Supplied records

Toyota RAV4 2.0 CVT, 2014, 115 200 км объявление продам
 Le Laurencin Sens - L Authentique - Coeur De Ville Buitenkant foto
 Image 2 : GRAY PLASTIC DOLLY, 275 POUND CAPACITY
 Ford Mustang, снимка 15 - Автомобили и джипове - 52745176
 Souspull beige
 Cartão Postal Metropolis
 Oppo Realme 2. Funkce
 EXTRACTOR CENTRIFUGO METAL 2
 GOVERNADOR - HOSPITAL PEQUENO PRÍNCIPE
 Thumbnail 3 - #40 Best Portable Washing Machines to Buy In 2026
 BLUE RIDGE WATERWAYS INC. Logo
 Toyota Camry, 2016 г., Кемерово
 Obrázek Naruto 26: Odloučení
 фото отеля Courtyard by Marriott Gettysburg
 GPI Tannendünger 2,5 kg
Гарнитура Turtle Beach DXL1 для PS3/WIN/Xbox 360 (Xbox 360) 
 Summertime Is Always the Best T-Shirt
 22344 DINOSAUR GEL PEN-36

Exercise aim
Where a line of the entries contains the word "Best", copy that line.

Exercise solution
 Thumbnail 3 - #40 Best Portable Washing Machines to Buy In 2026
 Summertime Is Always the Best T-Shirt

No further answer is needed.